At last..! My creation..! It's ALIVE..! :-)

Let's create a short 5 paragraph chapter using a seed n-gram that contains the opening three words of the novel.

Here's some example output:

> Chapter 1 It is a truth universally acknowledged, that a single man in possession of a good fortune, must be in want of a wife. However little known the feelings or views of such a choice. I described, and enforced them earnestly.
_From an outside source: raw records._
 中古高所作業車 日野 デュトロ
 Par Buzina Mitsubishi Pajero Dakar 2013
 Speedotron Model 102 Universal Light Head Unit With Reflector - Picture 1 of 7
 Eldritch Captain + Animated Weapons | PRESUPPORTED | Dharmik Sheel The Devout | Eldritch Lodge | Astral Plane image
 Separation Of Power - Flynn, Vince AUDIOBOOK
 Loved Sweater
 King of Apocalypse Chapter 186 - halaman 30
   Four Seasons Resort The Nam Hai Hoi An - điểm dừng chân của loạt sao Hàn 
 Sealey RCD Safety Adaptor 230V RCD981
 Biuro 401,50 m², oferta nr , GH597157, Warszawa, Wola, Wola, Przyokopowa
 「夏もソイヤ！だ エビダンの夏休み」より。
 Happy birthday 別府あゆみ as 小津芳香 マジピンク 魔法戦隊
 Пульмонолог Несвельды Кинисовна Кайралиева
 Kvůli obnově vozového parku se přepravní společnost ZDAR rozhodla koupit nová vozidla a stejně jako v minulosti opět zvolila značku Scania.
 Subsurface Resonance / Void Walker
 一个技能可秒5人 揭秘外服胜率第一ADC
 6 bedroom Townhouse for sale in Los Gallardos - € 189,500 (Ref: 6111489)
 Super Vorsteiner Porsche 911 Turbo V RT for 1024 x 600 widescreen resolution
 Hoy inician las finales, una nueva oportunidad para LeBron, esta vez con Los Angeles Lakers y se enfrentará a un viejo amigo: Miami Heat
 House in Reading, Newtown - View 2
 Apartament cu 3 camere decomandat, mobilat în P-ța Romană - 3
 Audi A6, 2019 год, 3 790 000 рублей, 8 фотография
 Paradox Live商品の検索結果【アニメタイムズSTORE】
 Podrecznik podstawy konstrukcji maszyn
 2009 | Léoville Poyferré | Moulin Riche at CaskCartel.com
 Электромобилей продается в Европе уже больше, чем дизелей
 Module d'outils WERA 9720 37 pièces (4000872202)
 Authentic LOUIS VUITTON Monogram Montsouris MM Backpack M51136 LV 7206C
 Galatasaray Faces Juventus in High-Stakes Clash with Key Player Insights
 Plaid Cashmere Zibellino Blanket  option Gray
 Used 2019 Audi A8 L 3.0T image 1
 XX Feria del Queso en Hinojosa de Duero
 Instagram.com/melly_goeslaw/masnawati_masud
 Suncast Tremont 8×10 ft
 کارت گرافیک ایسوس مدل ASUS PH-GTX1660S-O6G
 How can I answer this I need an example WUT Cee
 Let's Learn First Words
The capacity for this technique to generate hilarious and/or slightly clunky prose is a great source of fun. 

In [344]:
seed = next(find_ngrams(all_the_words_in_the_novel, N))  # Grabs the first n-gram.
chapter, seed_ngram = make_chapter(5, seed)
print('\n\n'.join(chapter))

Chapter 1 It is a great friend of Darcy's." "Oh! yes," said Elizabeth drily; "Mr. Darcy is all politeness," said Elizabeth, smiling. "He is, indeed; but, considering the inducement, my dear Miss Elizabeth, that your modesty, so far from doing you any disservice, rather adds to your other perfections. You would have been a great proficient. And so would Anne, if her health had allowed her to apply. I am confident that she would produce a letter for her from Charlotte, as it seemed the effect of love, and the object of compassion. His attachment excited gratitude, his general character respect; but she could still moralize over every morning visit; and as she considered that Jane's disappointment had in fact been the work of many generations." "And then you have added so much to it yourself, you are always giving her the preference." "They have none of them dressed. In ran Mrs. Bennet to her husband, called out as she did; I can safely say that it was impossible not to try for informatio

There you have it!

But I've saved the best bit for last... all of the code and techniques described above are *general* in application. If you remember back to the opening code cell, I loaded the text file for "Pride and Prejudice". Why not try other great works of literature (I've included `war_and_peace.txt`, `moby-dick.txt` and `ulysses.txt` for your enjoyment).

Have fun... as always, if you have any questions, I'm more than happy to help in any way that I can. I hope you find this useful!